◆ Task brief
Only the pictures are to be dropped; return all other data below exactly.
··· Task material ···
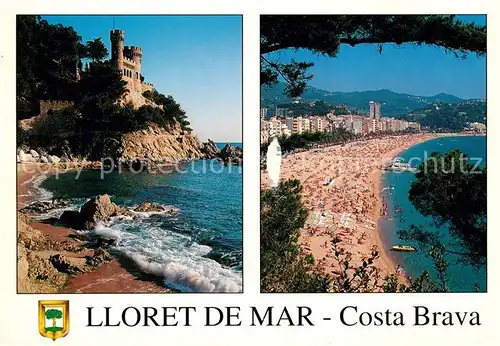 AK / Ansichtskarte Lloret de Mar Panorama Kat. Costa Brava Spanien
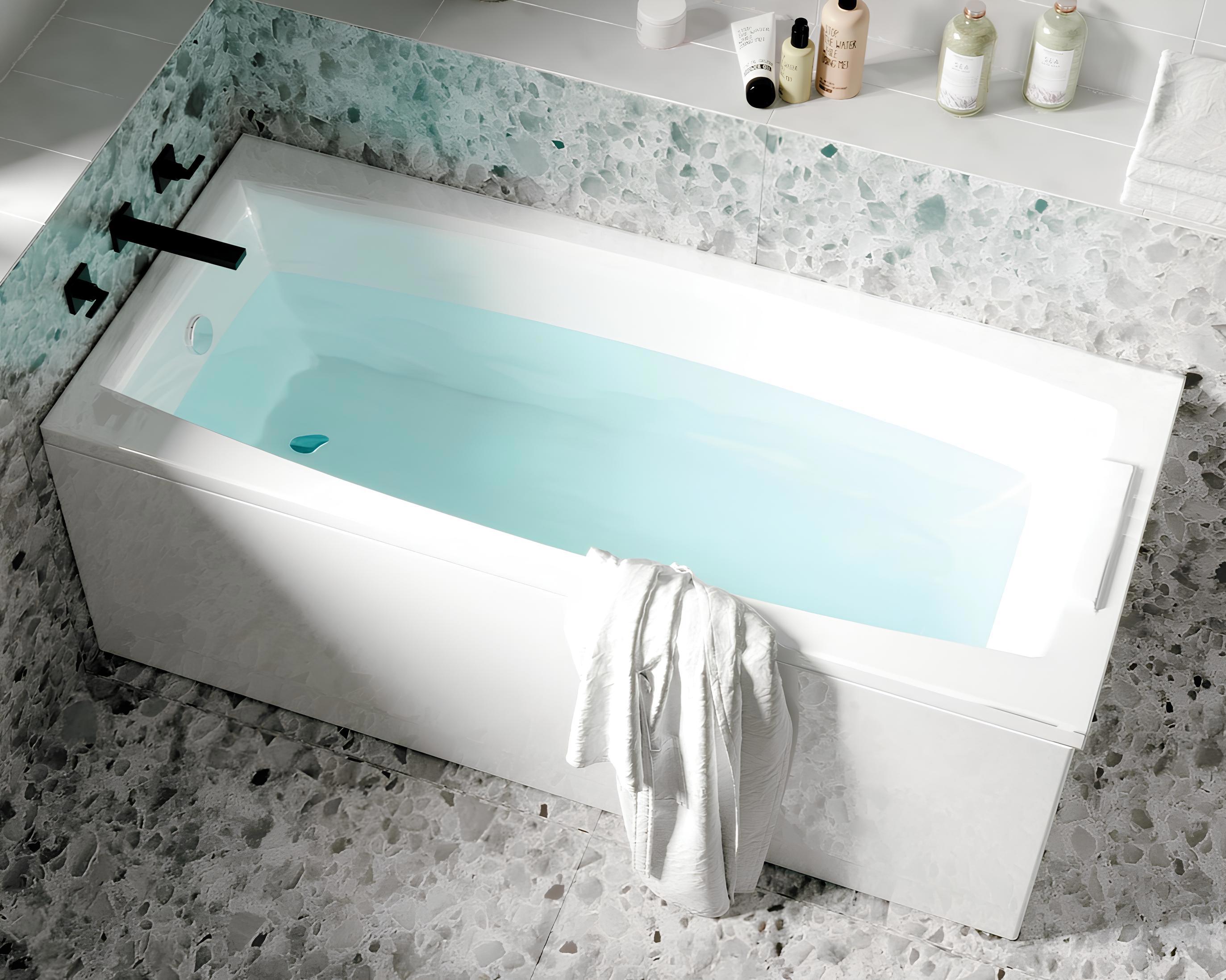 Изображение товара Акриловая ванна Marka One AELITA 150x75 см прямоугольная белая современная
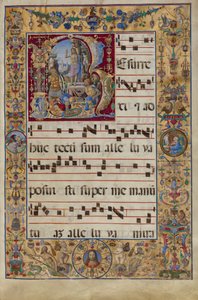 Het Graduale. Initiaal R: De Opstanding, c.1500 door Antonio da Monza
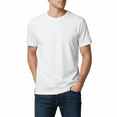 thumbnail image 5 of Hanes Essential Men's White T-Shirt - 100 Cotton, Short Sleeve Crew Tee - 12 Pack, Sizes XS-5XL, 5 of 5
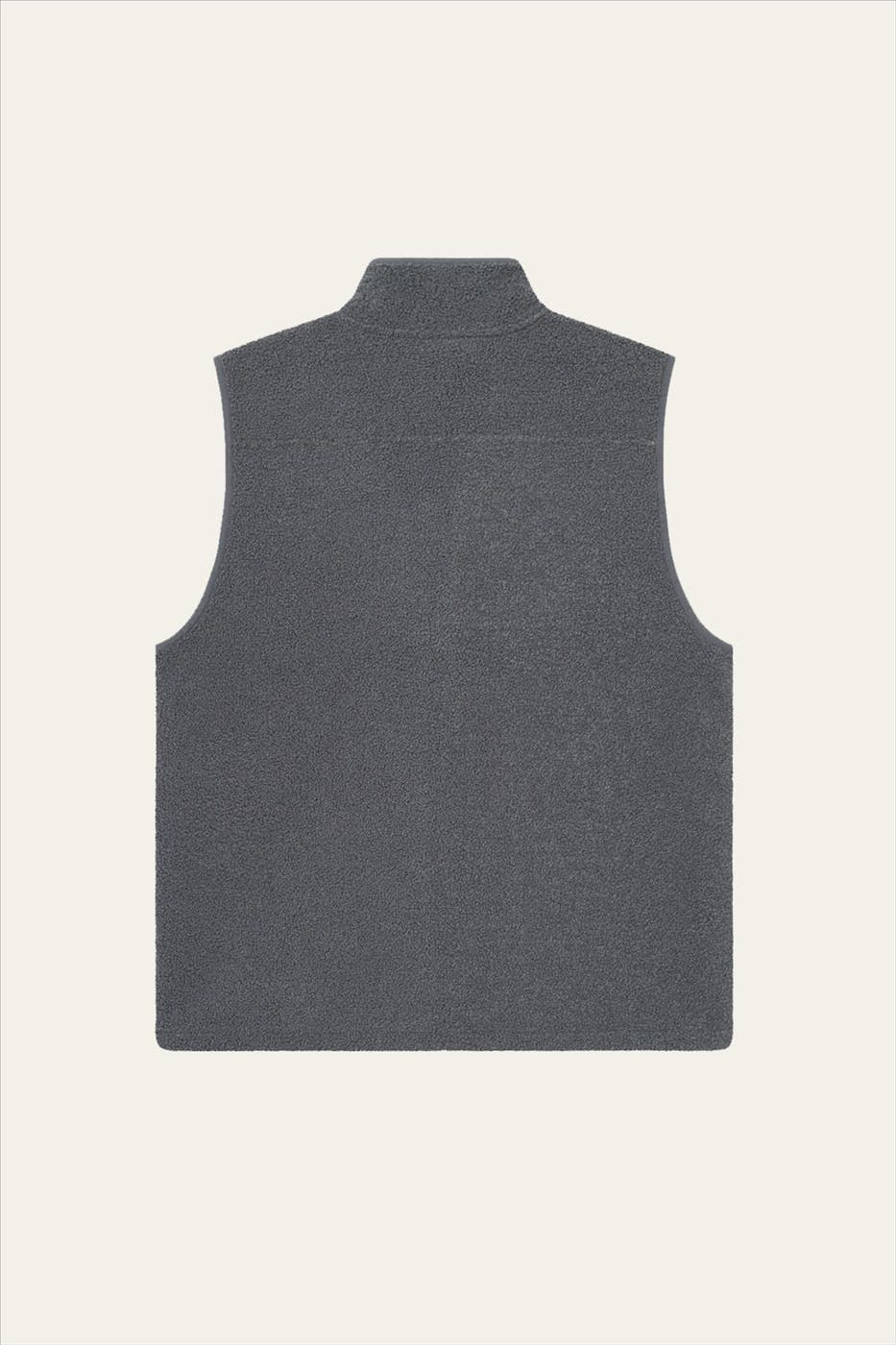 LES DEUX - Donkergrijze Creed Teddy vest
···
◆ Answer section
 AK / Ansichtskarte Lloret de Mar Panorama Kat. Costa Brava Spanien
 Изображение товара Акриловая ванна Marka One AELITA 150x75 см прямоугольная белая современная
 Het Graduale. Initiaal R: De Opstanding, c.1500 door Antonio da Monza
 thumbnail image 5 of Hanes Essential Men's White T-Shirt - 100 Cotton, Short Sleeve Crew Tee - 12 Pack, Sizes XS-5XL, 5 of 5
 LES DEUX - Donkergrijze Creed Teddy vest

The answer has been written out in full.